Hic rhodus, hic salta; if you think it’s so easy then go spit out something great (no, really.) People say the same thing about prose writing, photography, and modern art, because they can imagine doing the basic physical action; if people started out with perfect manual dexterity then they’d think traditional painting was easy (it still wouldn’t be, there are many other skills involved.)
With eg StableDiffusion as a medium taking it seriously involves promptcraft (which you already noted), selection of many drafts (which is time-intensive and mostly requires the ability to see what works in a composition), and of course knowing what you want to create in the first place.

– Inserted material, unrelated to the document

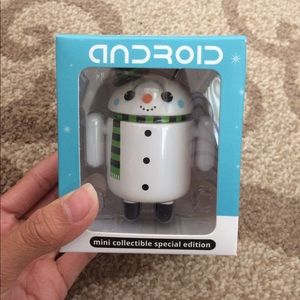 Mini Android Collectable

Knowing the tools themselves, art history, the tools of all other visual media (you can throw in “volumetric lighting” because that’s what many other people do, or you can learn what it means and develop an intuition about when it would be helpful), color theory, anatomy, and so on are all things that contribute to the skill ceiling. One very weird guy, FlyingFoxDemon, is behind almost all of the viral AI-assisted videos that have come out so far, even though he’s far from the only hobbyist with access to high-end GPU.
Obviously you don’t mean this in the way that I do, but this is a good summary of my major claim here - that SD and the like are media in which humans work.
(“Fundamentally” I would actually say is false, human brains are physical objects, but once machines can really do every part of the workflow we have much bigger worries than anything to do with the art industry.)